MATERIAL TO PROCESS:
———

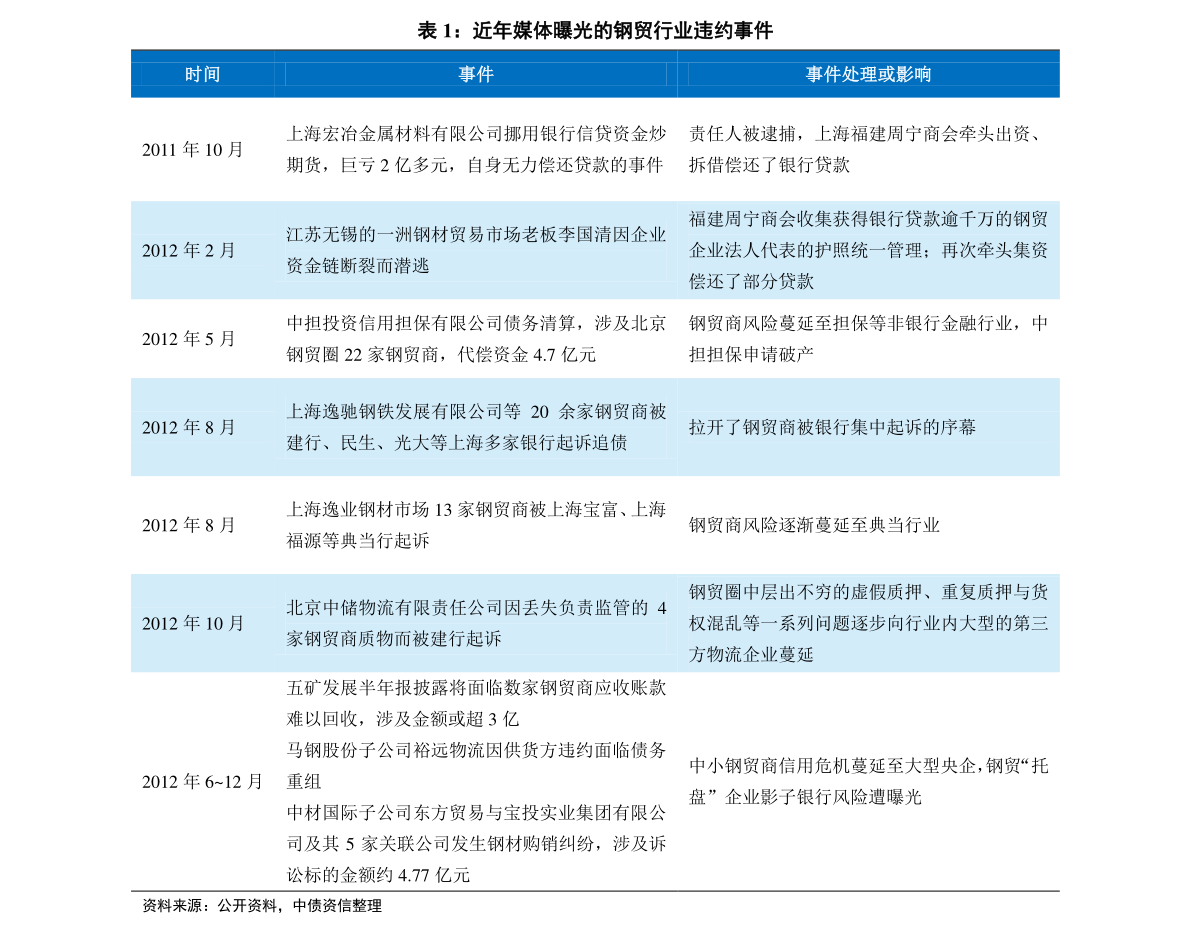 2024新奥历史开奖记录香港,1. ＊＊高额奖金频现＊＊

———

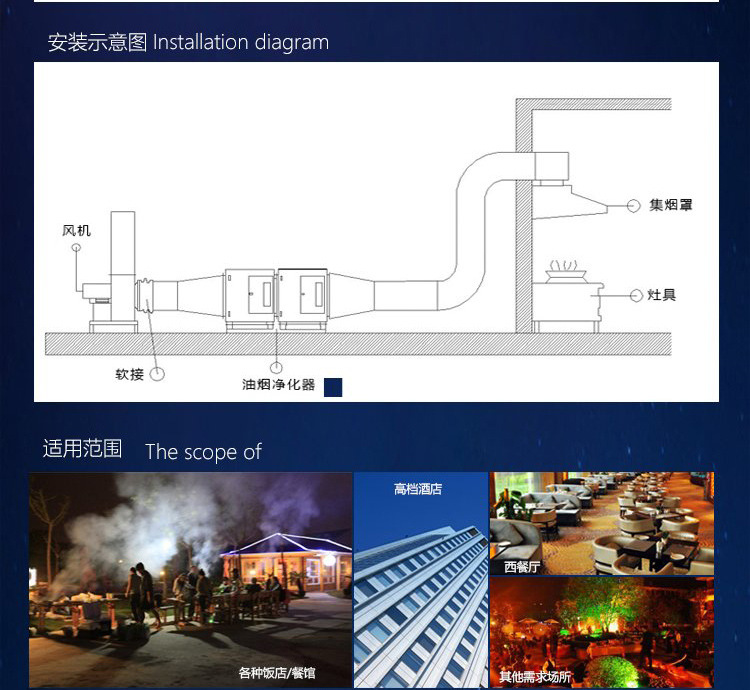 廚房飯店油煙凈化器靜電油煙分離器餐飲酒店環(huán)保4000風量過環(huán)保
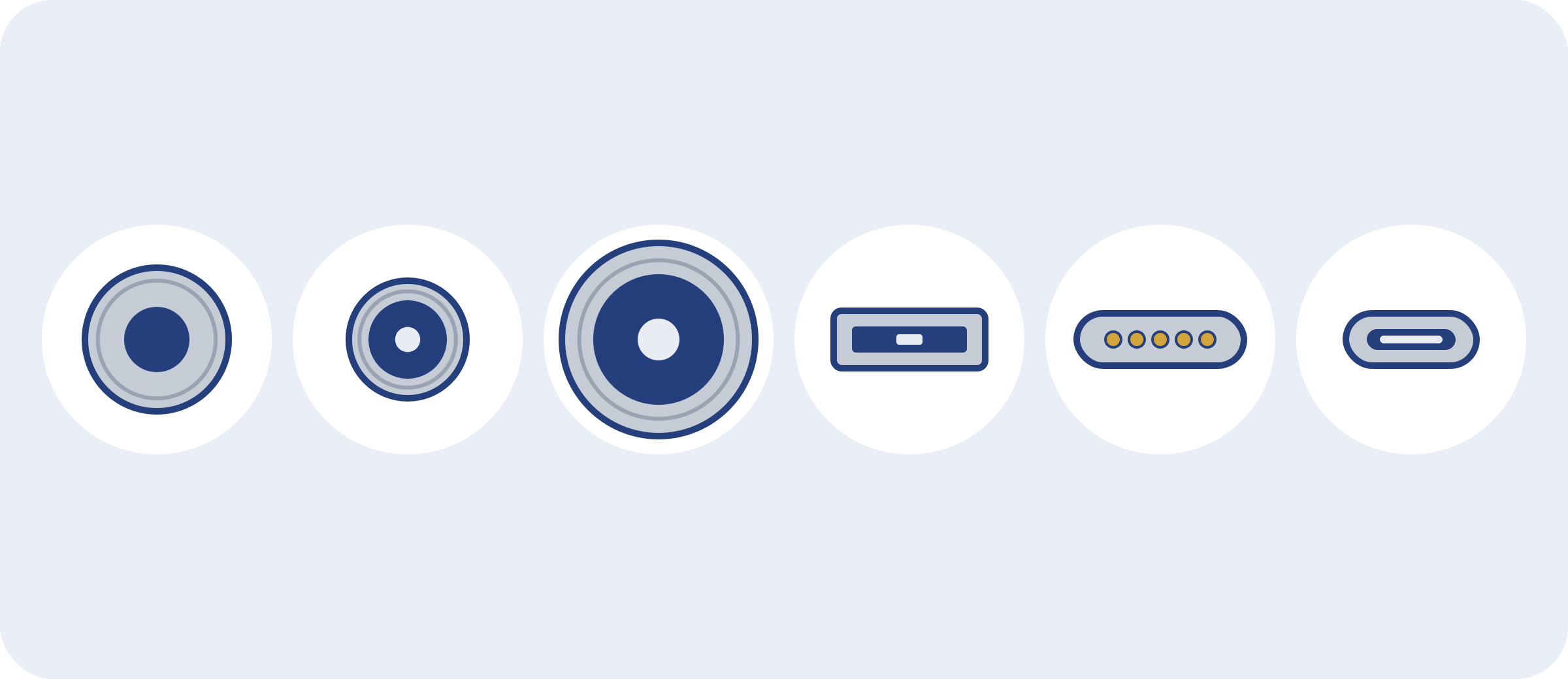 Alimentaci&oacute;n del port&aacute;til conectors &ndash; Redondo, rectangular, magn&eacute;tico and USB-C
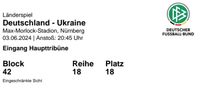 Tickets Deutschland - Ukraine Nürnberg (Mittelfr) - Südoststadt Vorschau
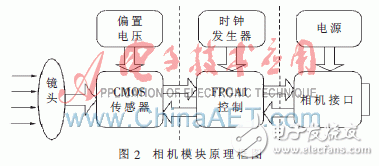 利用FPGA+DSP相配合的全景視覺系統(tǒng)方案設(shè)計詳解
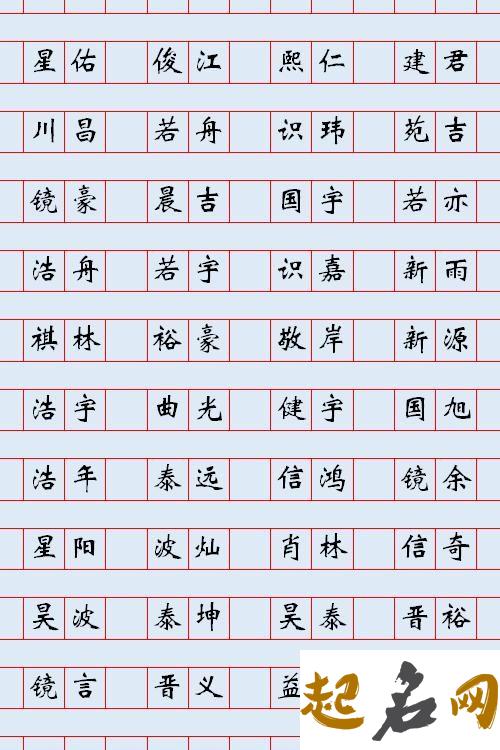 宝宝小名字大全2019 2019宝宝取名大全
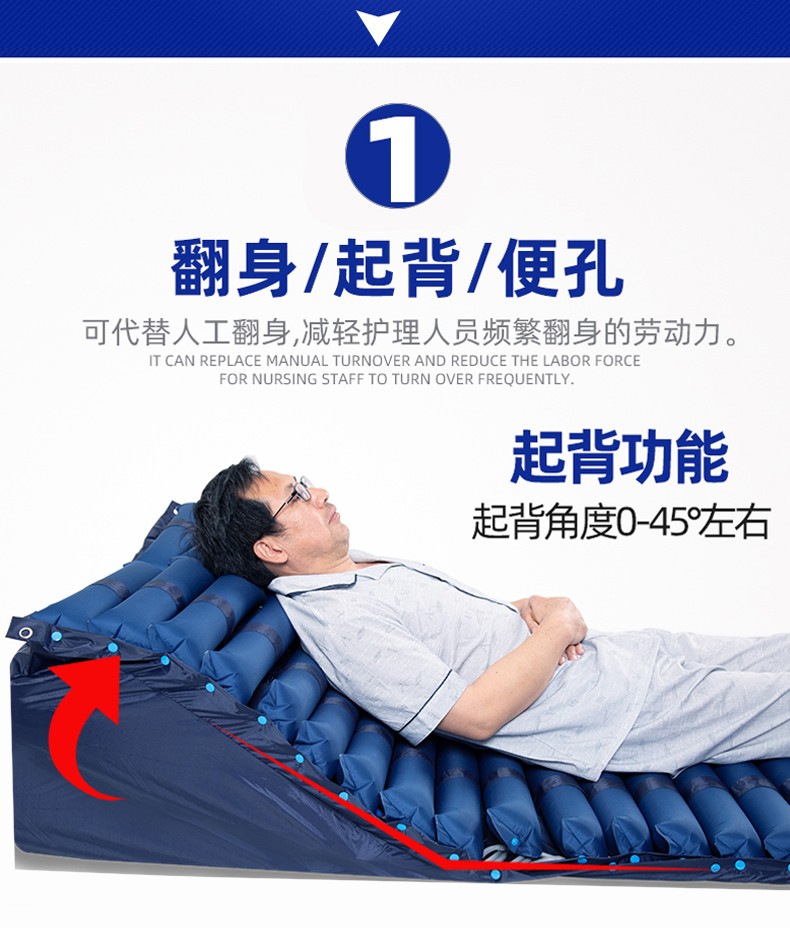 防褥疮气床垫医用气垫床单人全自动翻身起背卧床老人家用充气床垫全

———

WHAT YOU SHOULD DO:
Leaving out all pictures, set down exactly the lines of the material above, from the line with "利用FPGA+DSP相配合的全景視覺系統(tǒng)方案設(shè)計詳解" to the line with "防褥疮气床垫医用气垫床单人全自动翻身起背卧床老人家用充气床垫全" inclusive, and no others.

SOLVED PROBLEM:
 利用FPGA+DSP相配合的全景視覺系統(tǒng)方案設(shè)計詳解
 宝宝小名字大全2019 2019宝宝取名大全
 防褥疮气床垫医用气垫床单人全自动翻身起背卧床老人家用充气床垫全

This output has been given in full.